## Supplied information
- - -

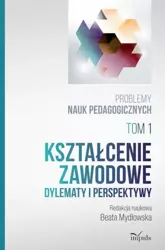 eBook Kształcenie zawodowe - Beata Mydłowska mobi epub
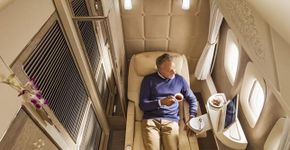 Emirates terá suítes ‘ultraluxosas’ em voos para Europa; veja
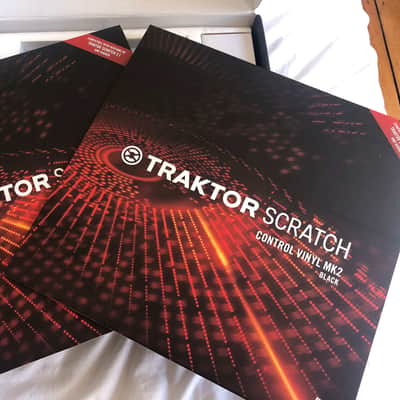 Native Instruments Traktor Scratch A10 Audio 10 MK2 Brand New image 4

- - -

## Exercise
Would you write out the material above in full, exactly as given, except for its pictures?

## Written answer
 eBook Kształcenie zawodowe - Beata Mydłowska mobi epub
 Emirates terá suítes ‘ultraluxosas’ em voos para Europa; veja
 Native Instruments Traktor Scratch A10 Audio 10 MK2 Brand New image 4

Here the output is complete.